Val, I would love to have your attachment as a poster in my home. Hit’s it pretty square on the head.
Growing up as I am, back in the 70’s and 80’s, transvestite was one of the few labels society had for us. They, the uneducated societal namers, put the connotation on it that to be called a transvestite somehow meant that you were a total, depraved, social deviant with no hope of redemption. You should have been shunned and ostracized for daring to break the rules of polite society. They never considered the literal Latin translation of the word, and made it, and us, something to be despised and loathed.
Back then, many of our sister’s committed suicide over the way we were treated if a ‘normie’ found out about our little secret followed by the treatment we got from them. Many other’s seemed to just disappear in an attempt to escape the scorn and ridicule heaped on us as they moved away to escape the stupid prejudice of people.
But many of us grew closer together and formed tighter friendships because of it. Many of us just ignored ‘them’ and went about our lives.
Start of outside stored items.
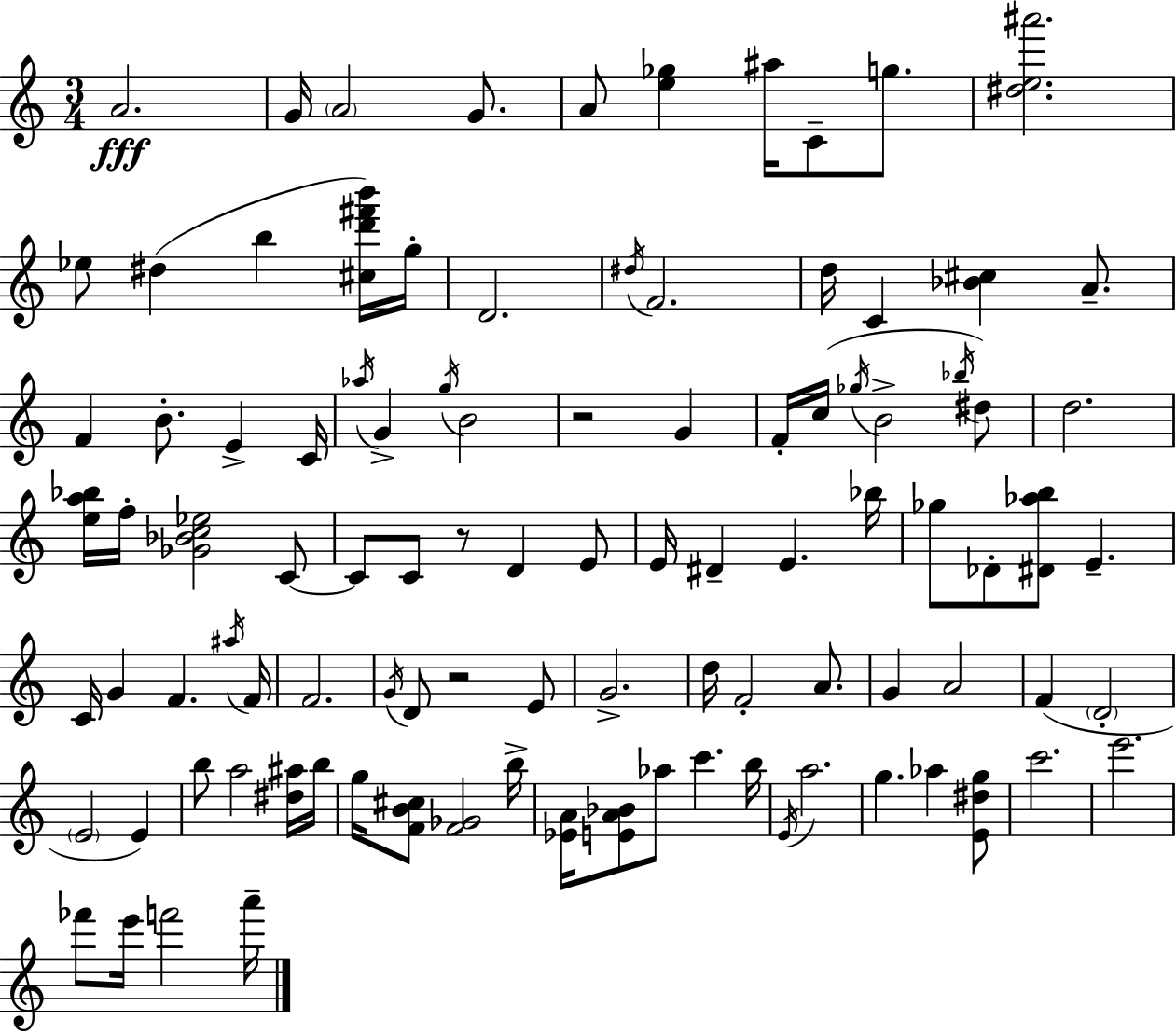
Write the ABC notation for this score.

X:1
T:Untitled
M:3/4
L:1/4
K:Am
A2 G/4 A2 G/2 A/2 [e_g] ^a/4 C/2 g/2 [^de^a']2 _e/2 ^d b [^cd'^f'b']/4 g/4 D2 ^d/4 F2 d/4 C [_B^c] A/2 F B/2 E C/4 _a/4 G g/4 B2 z2 G F/4 c/4 _g/4 B2 _b/4 ^d/2 d2 [ea_b]/4 f/4 [_G_Bc_e]2 C/2 C/2 C/2 z/2 D E/2 E/4 ^D E _b/4 _g/2 _D/2 [^D_ab]/2 E C/4 G F ^a/4 F/4 F2 G/4 D/2 z2 E/2 G2 d/4 F2 A/2 G A2 F D2 E2 E b/2 a2 [^d^a]/4 b/4 g/4 [FB^c]/2 [F_G]2 b/4 [_EA]/4 [EA_B]/2 _a/2 c' b/4 E/4 a2 g _a [E^dg]/2 c'2 e'2 _f'/2 e'/4 f'2 a'/4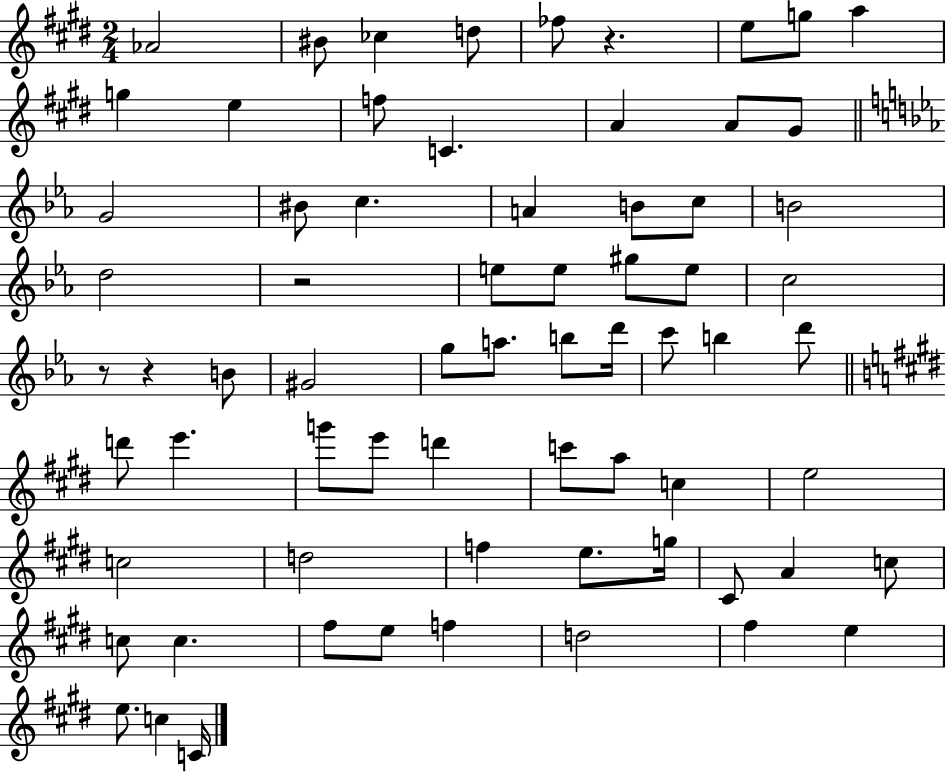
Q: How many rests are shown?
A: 4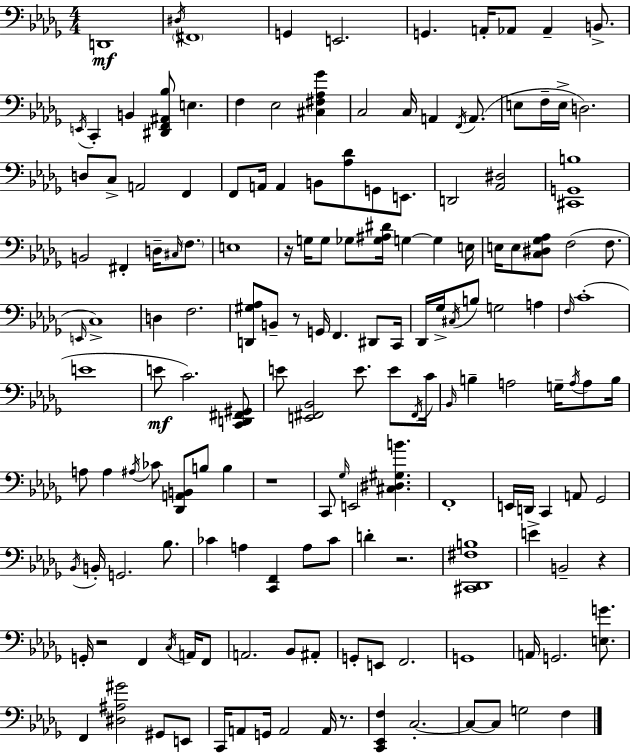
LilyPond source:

{
  \clef bass
  \numericTimeSignature
  \time 4/4
  \key bes \minor
  \repeat volta 2 { d,1\mf | \acciaccatura { dis16 } \parenthesize fis,1 | g,4 e,2. | g,4. a,16-. aes,8 aes,4-- b,8.-> | \break \acciaccatura { e,16 } c,4-. b,4 <dis, f, ais, bes>8 e4. | f4 ees2 <cis fis aes ges'>4 | c2 c16 a,4 \acciaccatura { f,16 } | a,8.( e8 f16-- e16-> d2.) | \break d8 c8-> a,2 f,4 | f,8 a,16 a,4 b,8 <aes des'>8 g,8 | e,8. d,2 <aes, dis>2 | <cis, g, b>1 | \break b,2 fis,4-. d16-- | \grace { cis16 } \parenthesize f8. e1 | r16 g16 g8 ges8 <ges ais dis'>16 g4~~ g4 | e16 e16 e8 <c dis ges aes>8 f2( | \break f8. \grace { e,16 }) c1-> | d4 f2. | <d, gis aes>8 b,8-- r8 g,16 f,4. | dis,8 c,16 des,16 ges16-> \acciaccatura { cis16 } b8 g2 | \break a4 \grace { f16 } c'1-.( | e'1 | e'8\mf c'2.) | <c, d, fis, gis,>8 e'8 <e, fis, bes,>2 | \break e'8. e'8 \acciaccatura { fis,16 } c'16 \grace { bes,16 } b4-- a2 | g16-- \acciaccatura { a16 } a8 b16 a8 a4 | \acciaccatura { ais16 } ces'8 <des, a, b,>8 b8 b4 r1 | c,8 \grace { ges16 } e,2 | \break <cis dis gis b'>4. f,1-. | e,16 d,16 c,4 | a,8 ges,2 \acciaccatura { bes,16 } b,16-. g,2. | bes8. ces'4 | \break a4 <c, f,>4 a8 ces'8 d'4-. | r2. <cis, des, fis b>1 | e'4-> | b,2-- r4 g,16-. r2 | \break f,4 \acciaccatura { c16 } a,16 f,8 a,2. | bes,8 ais,8-. g,8-. | e,8 f,2. g,1 | a,16 g,2. | \break <e g'>8. f,4 | <dis ais gis'>2 gis,8 e,8 c,16 a,8 | g,16 a,2 a,16 r8. <c, ees, f>4 | c2.-.~~ c8~~ | \break c8 g2 f4 } \bar "|."
}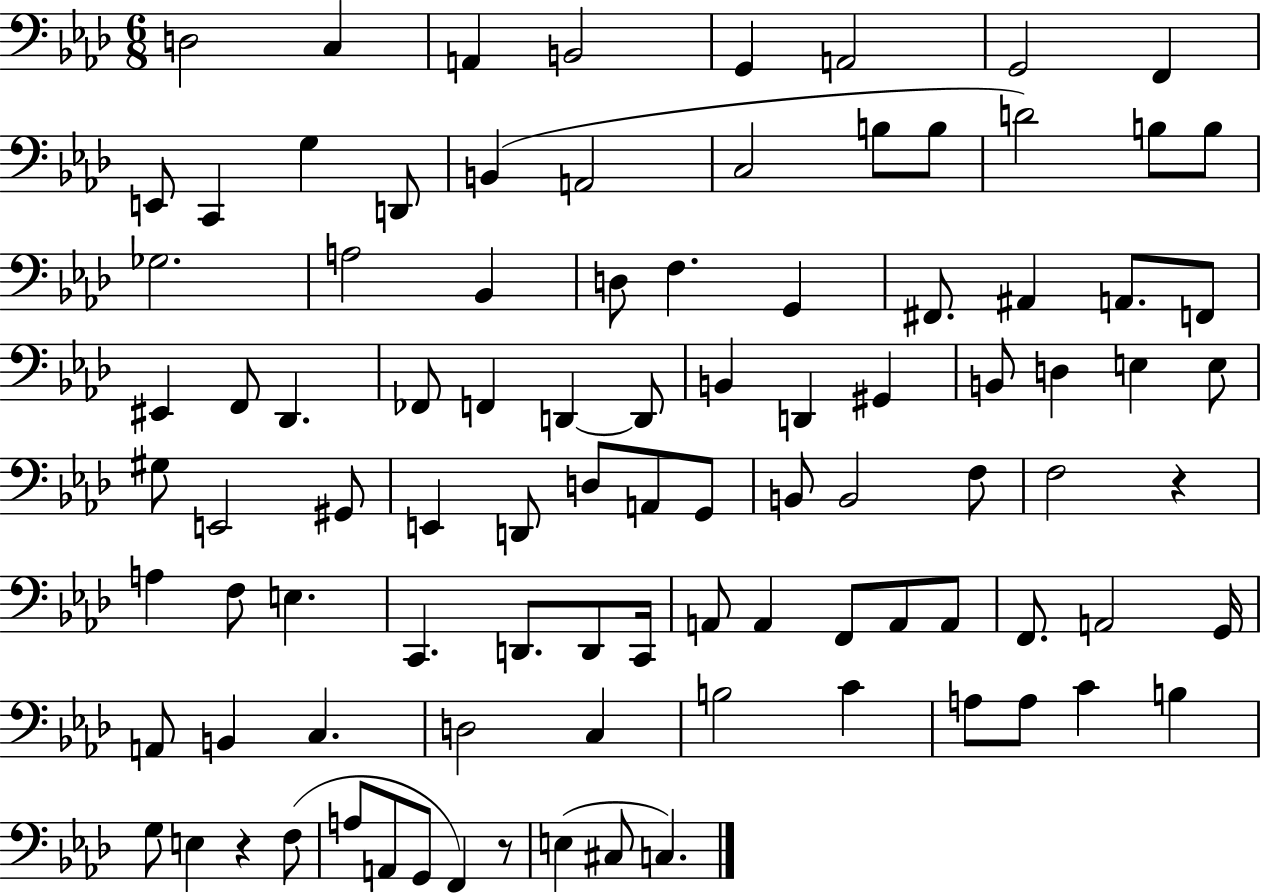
{
  \clef bass
  \numericTimeSignature
  \time 6/8
  \key aes \major
  \repeat volta 2 { d2 c4 | a,4 b,2 | g,4 a,2 | g,2 f,4 | \break e,8 c,4 g4 d,8 | b,4( a,2 | c2 b8 b8 | d'2) b8 b8 | \break ges2. | a2 bes,4 | d8 f4. g,4 | fis,8. ais,4 a,8. f,8 | \break eis,4 f,8 des,4. | fes,8 f,4 d,4~~ d,8 | b,4 d,4 gis,4 | b,8 d4 e4 e8 | \break gis8 e,2 gis,8 | e,4 d,8 d8 a,8 g,8 | b,8 b,2 f8 | f2 r4 | \break a4 f8 e4. | c,4. d,8. d,8 c,16 | a,8 a,4 f,8 a,8 a,8 | f,8. a,2 g,16 | \break a,8 b,4 c4. | d2 c4 | b2 c'4 | a8 a8 c'4 b4 | \break g8 e4 r4 f8( | a8 a,8 g,8 f,4) r8 | e4( cis8 c4.) | } \bar "|."
}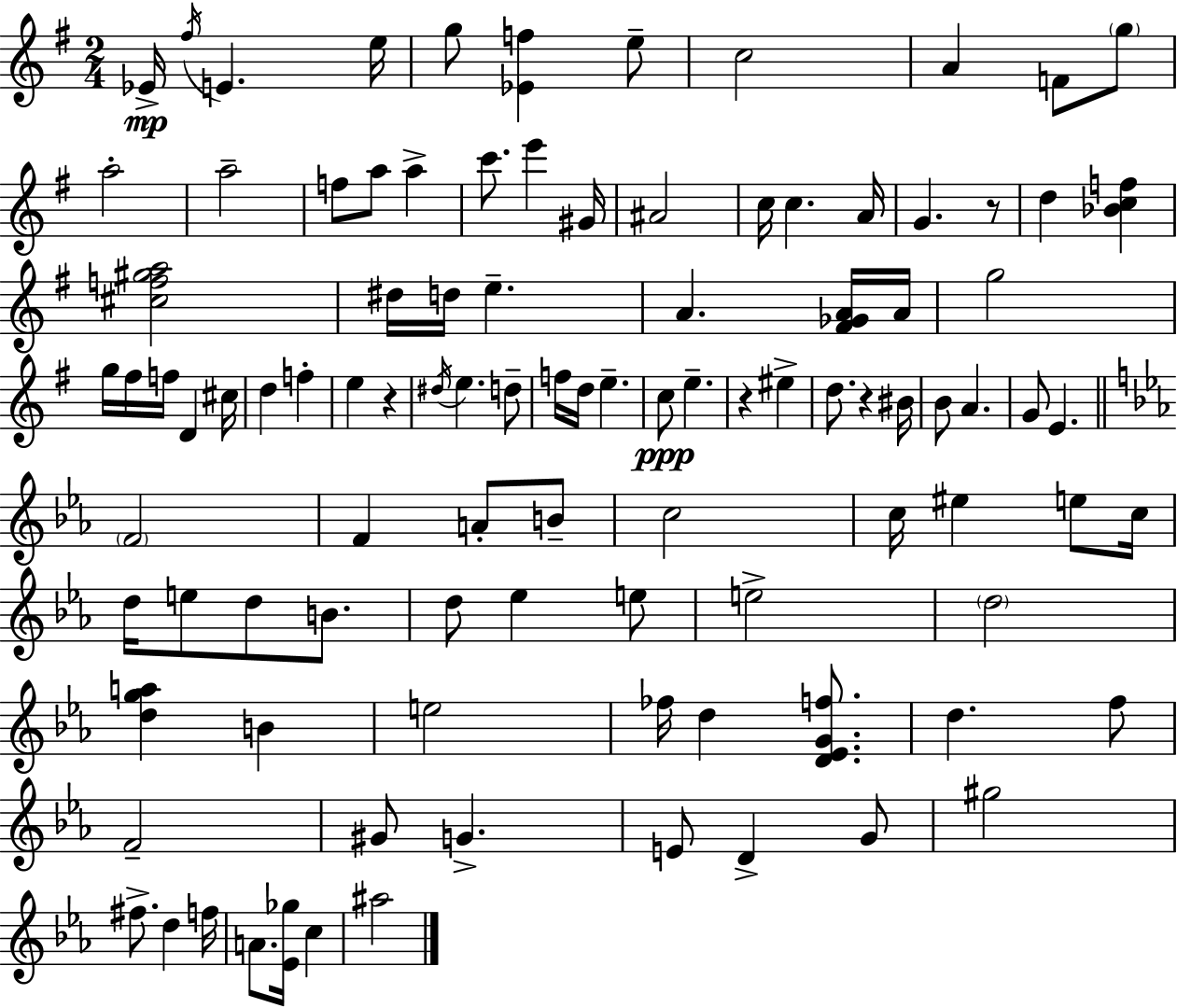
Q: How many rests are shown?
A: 4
A few of fought back though, both physically and legally, and the cracks began to form in the walls put up to stop us and close us off. Now, today, we are known by an almost bewildering alphabet of labels and files and terminology.
When I was going through all of my cancer treatments and surgeries and counseling, I got a lot of questions about how they should list me in my records, trangender, transitioning, bi-gender, etc. I finally got very tired of that line of questions, and I began answering the “Professionals” by just telling them I was ‘ME’, nothing more, nothing less. I preferred the word her or she, but I understood the legalities of the labels too. But I made it clear to them, and they did eventually stop trying to classify me and one dear lady actually did put the word ME on one of the forms for my sex.
To me, Transvestite is now almost as archaic a term as is werewolf, or witch, and belongs to history and has no real place with us now except in tales told to scare children at night.